World News

China unveils terrifying Dongfeng-41 nuke that ‘can strike US in 30 minutes with TEN warheads’ at 70th anniversary parade

CHINA has unveiled its “ultimate doomsday weapon” during one of the nation’s biggest military parades.

The terrifying super-nuke took centre stage at a huge arms showcase held in Tiananmen Square, Beijing, to mark 70 years of Communist rule.

The Dongfeng-41 is a 7,600 mph intercontinental ballistic missile that is said to have the furthest range of any nuclear missile and could reach the US in 30 minutes.

China's Communist Party celebrated its 70th anniversary in power with a military parade that showcased the DF-41, alongside the country's most advanced weapons.

Soldiers in helmets and combat gear shouted, "hello, leader!" and "serve the people" as a formation of fighter jets trailing coloured smoke swooped low over the capital.

Speculation was rife as to what weapons would be unveiled, with parade rehearsals showing missiles and aircraft under camouflage wraps.

One of the most closely-watched weapons unveiled on Tuesday was the Dongfeng-17, a nuclear-capable glider that foreign analysts say is designed to manoeuvre at high speed to evade anti-missile defences.

The Chinese government is keen to assert its dominance in Asia and particularly in the South China Sea where it has been busy building militarised islands in international waters.

And its clear message to the US is that it is getting closer than ever to matching it in terms of military might.

No force can shake the status of our great motherland, and no force can stop the progress of the Chinese people and the Chinese nation.

A defence ministry spokesman recently said Beijing had no intention to "flex its muscles" but was instead keen to show a "peace-loving and responsible China".

But, President Xi Jinping warned at the event: "No force can shake the status of our great motherland, and no force can stop the progress of the Chinese people and the Chinese nation."

The major ceremony was held to mark the day that Mao Zedong pronounced the founding of the People's Republic of China on October 1, 1949 from the imposing Tiananmen Gate.


China has about 280 nuclear warheads, compared with 6,450 for America and 6,850 for Russia, according to the Stockholm International Peace Research Institute (SIPRI).

The military showed off China's most advanced weapons, some being shown for the first time, as rows of soldiers marched in lockstep past President Xi Jinping and other leaders in Tiananmen Square, the country's symbolic political heart.

Thousands of spectators waved Chinese flags and fighter jets flew low overhead.

The party's emphasis on missiles and other long-range weapons reflects Beijing's desire to displace the United States as the region's dominant force and enforce claims to Taiwan, the South China Sea and other disputed territories.

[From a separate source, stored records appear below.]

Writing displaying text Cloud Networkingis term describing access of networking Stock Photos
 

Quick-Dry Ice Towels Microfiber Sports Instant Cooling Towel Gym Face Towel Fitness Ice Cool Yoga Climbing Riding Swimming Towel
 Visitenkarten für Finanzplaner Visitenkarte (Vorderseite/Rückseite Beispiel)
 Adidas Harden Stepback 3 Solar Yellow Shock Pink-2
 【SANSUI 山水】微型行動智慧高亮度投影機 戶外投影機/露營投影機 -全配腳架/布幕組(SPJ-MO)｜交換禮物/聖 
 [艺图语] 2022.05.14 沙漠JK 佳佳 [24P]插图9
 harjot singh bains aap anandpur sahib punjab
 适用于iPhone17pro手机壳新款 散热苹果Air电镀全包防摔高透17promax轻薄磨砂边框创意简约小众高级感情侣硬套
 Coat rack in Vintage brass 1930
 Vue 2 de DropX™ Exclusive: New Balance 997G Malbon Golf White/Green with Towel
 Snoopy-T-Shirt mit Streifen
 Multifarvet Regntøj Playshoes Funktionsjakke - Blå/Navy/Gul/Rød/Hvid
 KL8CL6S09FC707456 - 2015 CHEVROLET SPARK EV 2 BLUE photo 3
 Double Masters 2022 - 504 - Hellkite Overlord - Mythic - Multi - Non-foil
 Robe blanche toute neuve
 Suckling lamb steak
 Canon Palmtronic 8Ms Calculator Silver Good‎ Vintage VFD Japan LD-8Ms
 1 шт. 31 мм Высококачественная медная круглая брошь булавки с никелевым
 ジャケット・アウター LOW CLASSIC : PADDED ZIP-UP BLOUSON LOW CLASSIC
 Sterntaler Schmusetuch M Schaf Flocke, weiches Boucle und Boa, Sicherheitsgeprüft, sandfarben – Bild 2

The high-profile parade included 15,000 troops, more than 160 aircraft and 580 pieces of military equipment, according to Ministry of Defence spokesman Major General Cai Zhijun.

A supersonic drone, hypersonic missile and a robot submarine were also shown off.

But all eyes were primed for whether the huge Dongfeng 41 (DF-41) missile would roll through Tiananmen Square in its debut public appearance.

Many new weapons “will be shown for the first time,” Cai told reporters last week. Asked whether that would include the DF-41, Cai said, “Please wait and see.”

No details of the DF-41 have been released, but the Centre for Strategic and International Studies in Washington said it may have the world’s longest range at 15,000 kilometres.

US nuclear tipped missiles fall a few thousand kilometres short of that.

Analysts say the DF-41, flying at 25 times the speed of sound, might be able to reach the US in 30 minutes with up to 10 warheads for separate targets.

China’s current mainstay missile the Dongfeng-31 — Dongfeng means “east wind” — has a range of more than 11,200 kilometres that puts most of the continental US within reach.